The art of flowers

The completed design: making flowers into fire

F loral designer Kaori Imaizumi is preparing for a museum exhibition this month, as she has every spring since she opened her flower shop in the neighborhood in 2006.

She’s participating once again in “Bouquets to Art,” the annual extravaganza in which floral arrangements interpret and comment upon works of art in the DeYoung Museum in Golden Gate Park.

For the previous three years, Imaizumi has worked with paintings and sculpture — including, in 2009, an abundant arrangement of springtime flowers juxtaposed with Albert Bierstadt’s 1875 painting, “California Spring.” But this year she has taken on something more unusual: the massive mantelpiece by Herter Brothers created for the 50-room Thurlow Lodge in Menlo Park.

“It’s huge,” she says. “But I wanted to make something different.” And at this show, since she’s not trying to please a customer, she says, “I can make what I want to make. I can show my style.”
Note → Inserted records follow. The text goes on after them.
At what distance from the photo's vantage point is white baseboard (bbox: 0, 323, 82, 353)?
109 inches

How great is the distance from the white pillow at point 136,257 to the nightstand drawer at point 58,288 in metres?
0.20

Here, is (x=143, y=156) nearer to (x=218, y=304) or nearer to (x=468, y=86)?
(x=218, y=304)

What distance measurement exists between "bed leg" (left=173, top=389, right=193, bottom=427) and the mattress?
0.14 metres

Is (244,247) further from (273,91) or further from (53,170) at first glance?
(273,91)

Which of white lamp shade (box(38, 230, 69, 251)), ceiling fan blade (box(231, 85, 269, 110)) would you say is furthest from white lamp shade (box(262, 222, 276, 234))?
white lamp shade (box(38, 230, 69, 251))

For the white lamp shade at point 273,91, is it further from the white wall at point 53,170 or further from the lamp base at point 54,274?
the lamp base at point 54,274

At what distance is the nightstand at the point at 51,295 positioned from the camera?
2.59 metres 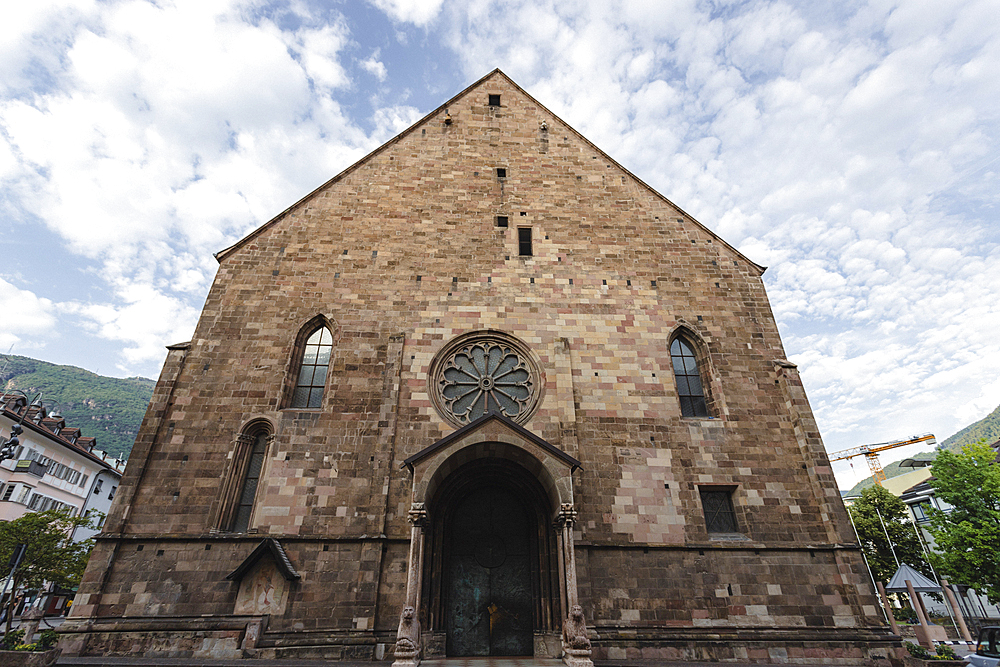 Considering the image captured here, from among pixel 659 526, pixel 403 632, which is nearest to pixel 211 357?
pixel 403 632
As she ponders how to interpret a wall-size oak and marble mantelpiece, she says: “It’s a fireplace. I’m thinking maybe to make a fire.”

Imaizumi says the exhibition presents special practical challenges. “It’s hard to maintain the freshness,” she says. “It’s unexpectedly hot. Flowers die so fast — much faster than usual.” She visits every day to add water and fresh flowers.

Imaizumi grew up in Japan and for many years was a flight attendant on international routes for Japan Air Lines. When her husband’s business took them to New York in 1997, she had time to learn to arrange flowers, which she had loved since she was a child. In 2000 they moved to San Francisco. She continued her studies, eventually earning her certification.

“My design is contemporary East-meets-West — not all European, not all Asian,” she says.

When she decided to open a shop, she wanted something near the neighborhood school her son attends. She found a small space with affordable rent on Sutter Street, near Steiner, and opened Blooming Floral Design in 2006. She has since moved a few doors down the block to 2120 Sutter.

“It’s a very local business,” she says, with 80 percent of her customers coming from the neighborhood, many from the apartment buildings she sees out her window.

“If I were on Fillmore, I would have already left,” she says, given the higher rents. “A lot of flower shops have closed in the last year.” Instead, she’s preparing for her annual museum exhibition. “Bouquets to Art” runs from April 20 to 24 at the DeYoung Museum in Golden Gate Park.